著書の中で「そんな話をする奴も周りにいないのだろう」と同情している。

戦後、黒沢明監督の「わが青春に悔いなし」で、運命に立ち向かう主人公を熱演。今井正監督の「青い山脈」前後編の、知的で明るい先生役などの好演で演技は開花した。
49年に「晩春」で初めて小津安二郎監督とコンビを組み、父を思う独身女性を情感豊かに演じた。
尾道市でもロケがあった「東京物語」では上京した老夫婦を気遣う嫁を好演し、世界的巨匠となった小津監督の代表作に。
「麦秋」「秋日和」などにも出演、誠実でしとやかな日本女性というイメージを印象づけた。

「若いときは、どうして結婚しないんだといわれたり、気持ちが不安定で、早く年をとって安定した中年の美しさを身につけたいなあと思ってました。
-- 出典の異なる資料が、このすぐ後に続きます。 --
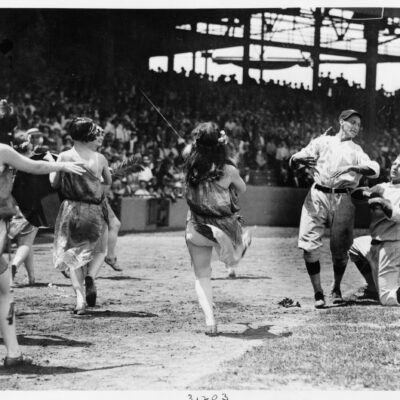 women dancing on the field at Nationals game - 1924 (vanishedamerica.com)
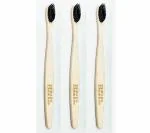 NADVENU MUSIC Organic C-Shaped Toothbrush with Charcoal Infused Floss-Tip Bristles (pack of 5), Cream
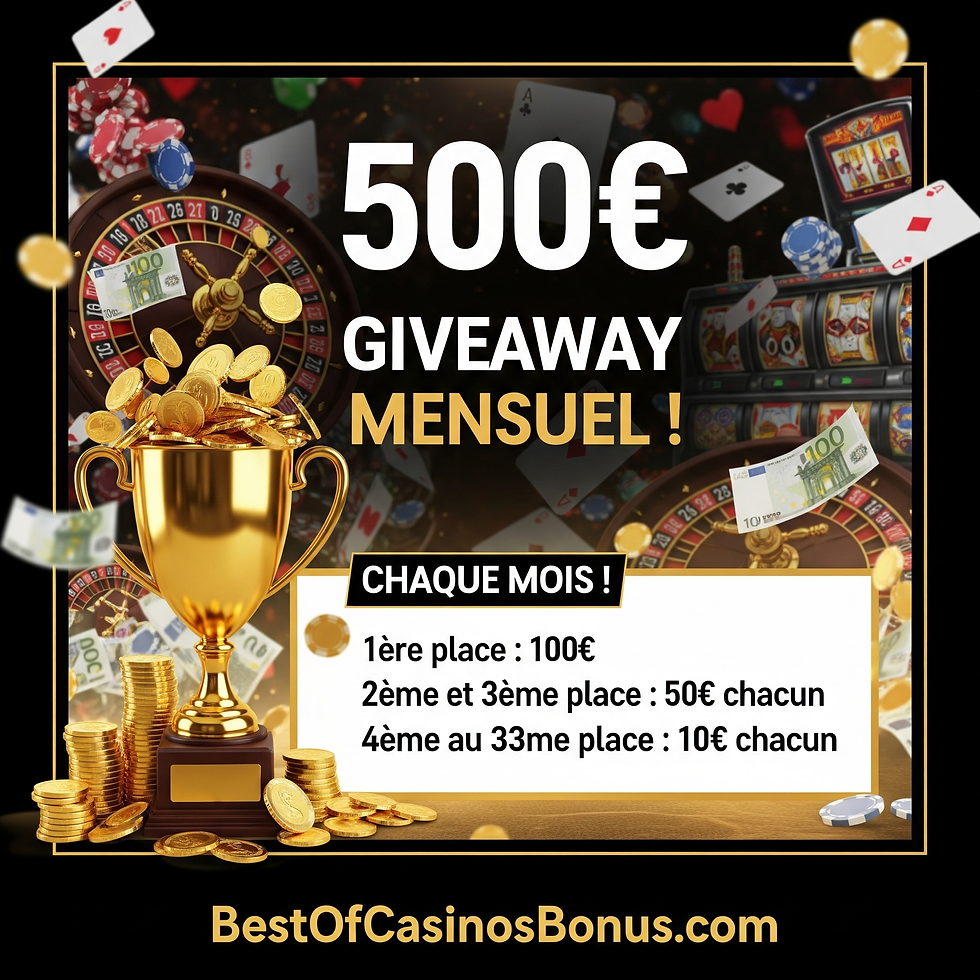 Giveaway mensuel de 500€ sur BestOfCasinosBonus.com, avec des prix de 10€ à 100€.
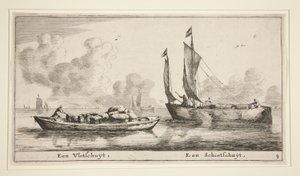 Zwei Boote (Een Vlotschuyt, Een Schietschuyt) von Reinier Nooms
人形的な美しさでなく、内面のうかがえる美しさ、好もしい顔、感じのいい顔……」(40歳当時の発言)
それからは、木下恵介監督「お嬢さん乾杯」成瀬巳喜男監督「めし」「山の音」、黒沢明監督「白痴」など、多くの名監督と組んで日本映画の黄金期を築いた。

恋人役も母親役もこなせる女優として期待され、「永遠の処女」「不滅の大スター」と呼ばれたが、62年「忠臣蔵」を最後に42歳で原さんはスクリーンから消える。
その後50余年、映画界やファンとの交流も一切絶ち、神奈川県鎌倉市内で静かな生活を送っていた。

マスコミとの接触を絶ち、一切の取り次ぎは同じ敷地に住むおい夫婦が引き受けた。63年、小津安二郎監督が死去した際、通夜に訪れたのが公の場に姿を見せた最後。
玄関に立ち尽くし、泣いていたという。時折写真週刊誌やテレビのワイドショーが私生活を盗み撮りしたが、黙殺した。

94年、原さんの名前が久しぶりにマスコミをにぎわせた。東京都狛江市の宅地約2900平方メートルを売却したことから、高額納税者番付の75位に顔を出したのだ。
おいの妻が伝えた本人のコメントは「そっとしておいてほしい」(73歳当時の発言)。

「小津監督の命日、一輪のバラを墓前に供え続けた」「地元の公民館が小津映画を上映したとき、ほおかむりをした原さんが見に来た」といううわさも流れた。
肯定も否定もしないまま、原さんは世を去った。

同居していた甥(75歳)は、「安らかな最期でした。95歳で大往生でしょう」と心境を話した。